“Trap of Trends to Statistical-Significance: Likelihood of Near-Statistically-Significant p-Values Becoming More Statistically-Significant With Extra Data”, John Wood, Nick Freemantle, Michael King, Irwin Nazareth2014-03-31 (, )⁠:

When faced with a p-value that has failed to reach some specific threshold (generally p < 0.05), authors of scientific articles may imply a “trend towards statistical-significance” or otherwise suggest that the failure to achieve statistical-significance was due to insufficient data. This paper presents a quantitative analysis to show that such descriptions give a misleading impression and undermine the principle of accurate reporting.

Background: p-values that fail to reach the conventional statistical-significance level of P≤0.05 are regularly reported as if they were moving in that direction. Phrases such as “almost/approaching statistical-significance” or, most tellingly, a “trend towards” statistical-significance continue to find their way into papers in journals with high impact factors.1 In this article, we examine the mathematical basis for this assumption and assess the extent to which a near statistically-significant p-value may predict movement towards a future statistically-significant p-value through the addition of extra data. We also explore the likelihood that extra data would actually result in a statistically-significant outcome and, lastly, the confidence one might have that a repeat experiment would independently give statistically-significant results.

Table 1:% of times p-value would be expected to get less statistically-significant had extra data been collected, given current p-value (two-tailed) and amount of extra data.
Amount of extra data as percentage of current p = 0.001 0.01 0.05 0.06 0.08 0.10 0.15
1000 0.8 3.0 7.6 8.4 10.0 11.4 14.6
100 8.6 14.3 20.8 21.8 23.4 24.8 27.5
50 14.8 20.6 26.7 27.5 28.9 30.1 32.4
20 24.1 29.1 33.8 34.4 35.4 36.3 37.9
10 30.6 34.5 38.1 38.6 39.3 40.0 41.2
1 43.5 44.9 46.1 46.3 46.5 46.7 47.1
0.01 49.3 49.5 49.6 49.6 49.7 49.7 49.7

Table 1 gives results for various combinations of p-values (p1) and amount of extra data envisaged.

Although the chance of the test becoming less statistically-significant with the addition of more data is always less than 50%, it is in many circumstances substantial. For example, if our two sided p1 from the original data is 0.08 (the sort of marginal value for which “trends” are often implied), we should expect that increasing the sample size by 10% will lead to results becoming less statistically-significant (p2 > 0.08) some 39% of the time. If we added 20% extra data, the situation improves only marginally, as we can then expect p2 > 0.08 around 35% of the time.

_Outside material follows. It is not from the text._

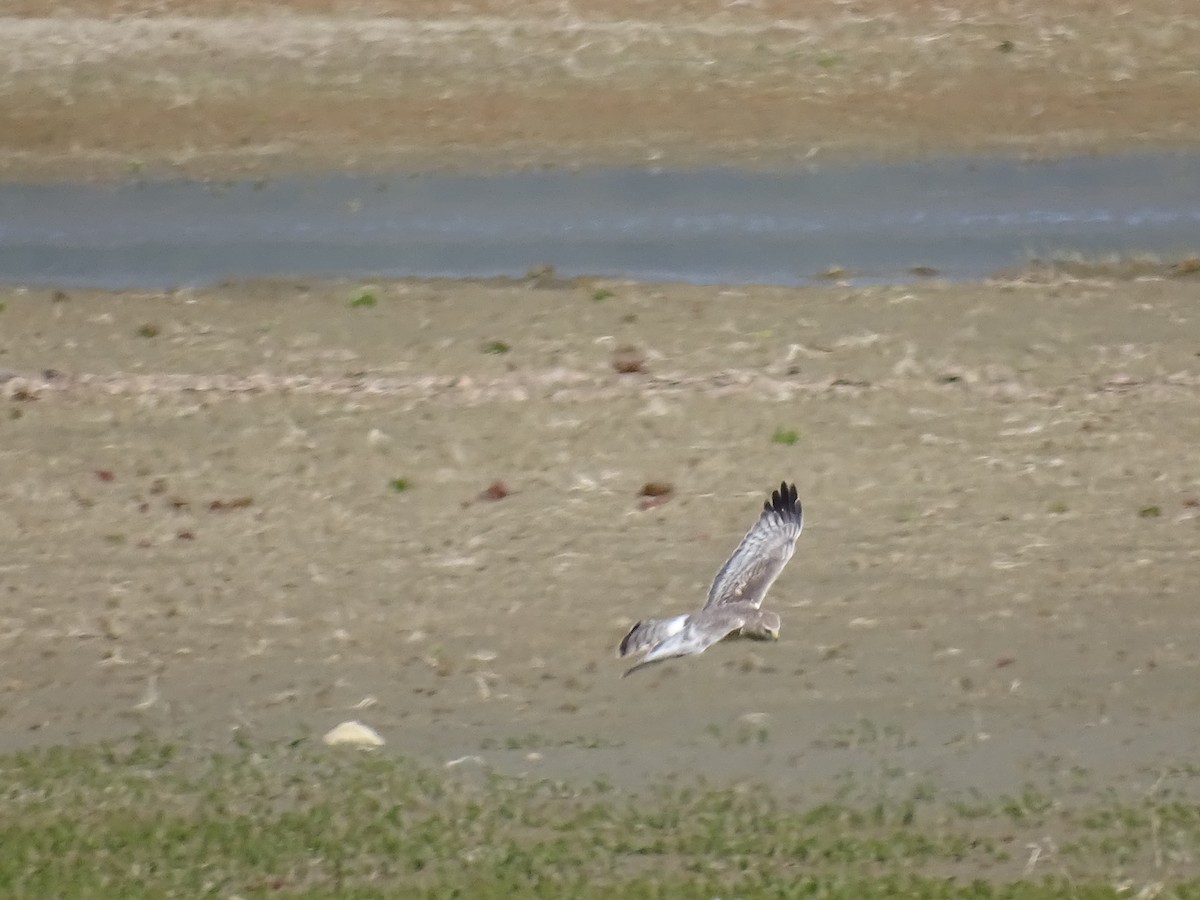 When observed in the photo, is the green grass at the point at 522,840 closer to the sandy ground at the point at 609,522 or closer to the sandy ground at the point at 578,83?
the sandy ground at the point at 609,522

Doubling the size of the study has more effect, when we should expect p2 > 0.08 about 23% of the time. For comparison, if p1 = 0.05, much the same chance (slightly smaller at 21%) exists that p2 > 0.05—that is, of the result becoming non-statistically-significant—when the study size is doubled. This underlines the similarity of the situation on either side of the (artificial) p = 0.05 dividing line. Even if we add 10× the original sample, we should expect p2 > 0.08 some 10% of the time given p1 = 0.08, and p2 > 0.05 just under 8% of the time given p1 = 0.05. The likelihood that the p-value becomes less statistically-significant is small only when we are already reasonably confident that the treatment is different from placebo (when p1 ≤ 0.01) and are considering the likely influence of a substantial amount of new data. However, it is the more marginal p-values—such as p = 0.08—that are of most practical interest.

For these, the above figures show the inappropriateness of regarding them as being almost there on a journey towards statistical-significance. Similarly, the results for a p-value of 0.05 should militate against the conclusion that simply achieving this level of statistical-significance means we are home and dry.